# Useckit High-Level Example

This notebook provides an introduction to useckit. It focuses on the high-level API that useckit provides in the form of `Evaluators`. For this reason, we provide a dataset that we analyze further below.  We implement preprocessing functionality and run the final evaluation with `useckit`.

To run this notebook, please first create a virtual environment (step 1), activate it (step 2) and install the requirements (step 3).
1. Create virtual environment: `python -m venv venv`
2. On Microsoft Windows and Powershell: `.\venv\Scripts\activate.ps1`, on Unix-like systems with Bash: `source .\venv\bin\activate`
3. Install dependencies: `pip install -r requirements.txt`

**Tested with**: `Python 3.10.7 (tags/v3.10.7:6cc6b13, Sep  5 2022, 14:08:36) [MSC v.1933 64 bit (AMD64)] on win32` and tensorflow `2.11.0`.
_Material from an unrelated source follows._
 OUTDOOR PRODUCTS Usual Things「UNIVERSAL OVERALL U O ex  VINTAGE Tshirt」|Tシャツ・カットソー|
## Step 1: Essential Imports and Setup

We import several libraries from either python core and regular dependencies such as numpy, pandas, and matplotlib. We further provide a convenience-wrapper for `tqdm`, as some terminals (especially on Windows) do not provide sufficient support, thus we wrap `tqdm()` to always print ascii output.

In [None]:
import os
import sys
import numpy as np
import pandas as pd
import matplotlib.pyplot as plt
from glob import glob


def tqdm(*args):  # wrapper for tqdm to always print ascii output
    """Provide a progress bar for iterator operations."""
    from tqdm import tqdm as _tqdm
    return _tqdm(args[0], ascii=True)

In [None]:
# append current working directory to path
# this is necessary so that jupyter interpreter can find the useckit lib to import
# when opening this project where the folder `examples` is located beneath another root directory.
sys.path.append(os.path.dirname(os.getcwd()))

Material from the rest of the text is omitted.